**INFORMATION SHOWN:**
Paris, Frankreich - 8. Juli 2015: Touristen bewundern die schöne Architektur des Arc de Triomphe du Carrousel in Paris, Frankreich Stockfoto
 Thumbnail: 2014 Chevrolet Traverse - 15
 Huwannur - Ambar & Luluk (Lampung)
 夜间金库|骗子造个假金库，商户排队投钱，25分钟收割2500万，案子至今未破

**YOUR OBJECTIVE:**
Copy out exactly the lines that run from the one holding "Thumbnail: 2014 Chevrolet Traverse - 15" through the end of the data above.

**RESPONSE AREA:**
 Thumbnail: 2014 Chevrolet Traverse - 15
 Huwannur - Ambar & Luluk (Lampung)
 夜间金库|骗子造个假金库，商户排队投钱，25分钟收割2500万，案子至今未破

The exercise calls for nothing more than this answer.